それでは、俺はいったいどうすればいいのか?
これは認めたくはないけれど、認めざるを得ないけれど、高瀬優里という想い人が俺の“未来の君”である可能性は著しく低い。俺の母と柏木恭一が生みだした小説・『未来の君に、さよなら』がそれを裏付けている。
つまるところ、俺と高瀬は運命の絆で結ばれてはいないのだろう。それにも関わらず俺が高瀬と同じ道を歩む選択をすれば、彼女が苦労してせっかく見つけた翻訳家になるという夢を、台無しにする結果を招きはしないだろうか? 20年前、天野さんが書道家を目指すうえでは致命的なケガを利き手に負ってしまったのと同じように。
俺は翻訳家という職業の魅力を語って瞳を輝かせる高瀬を思い出し、ため息をついた。
運命の神様はどうやら、そう易々と俺と高瀬が夢に向かうことを許してはくれないようだ。
「あの、ちょっといいですか」と俺は振り返って先輩の母親に声をかけた。「みちるさんは遠くに行ったままちっとも帰ってこないということでしたが、今はどこに住んでいるんですか?」
彼女は窓を開けて空の彼方を見つめた。「東京よ」
「東京――!」
俺の右手はひとりでに制服の胸ポケットに伸びていた。そこには図書室で月島が勝手に入れた東京への航空券が入っていた。
導かれている、と俺は立ち尽くして思った。運命に導かれている、と。
こうなったら行くしかないじゃないか。東京へ。
俺はこの夏東京に行く。そして是が非でも黛みちるという人物に会って、本人から直接詳しい話を聞かねばならない。日記の文面だけではわからない点も多々ある。彼女の口から語られる言葉は、俺が歩むべき未来を選ぶにあたって、大きなヒントになるはずだ。

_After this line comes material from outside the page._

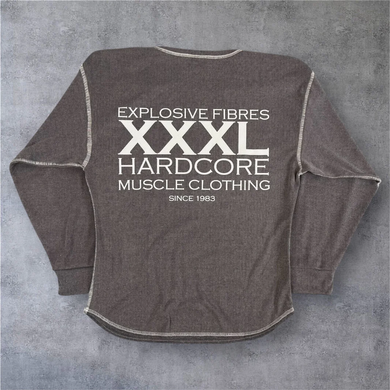 Спортивний чоловічий светр "Classic XXXL Logo" Vintage Wash Sweat - Anvil ) XXXL Explosive Fibres Ltd SwS-1322 фото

どこの誰が執筆しているのかは知らんが俺の複雑怪奇な物語は、真夏の東京において新しい局面を迎えることになりそうだ。東京から遠く離れた地方都市で生まれ育った俺としては正直なところいまひとつピンと来ないが、このややこしい物語を紐解くためならたとえ世界の果てでも行ってやる。そんな気分になっていた。
外から吹き込む風には、たしかに夏特有の気怠い匂いが混じり始めていた。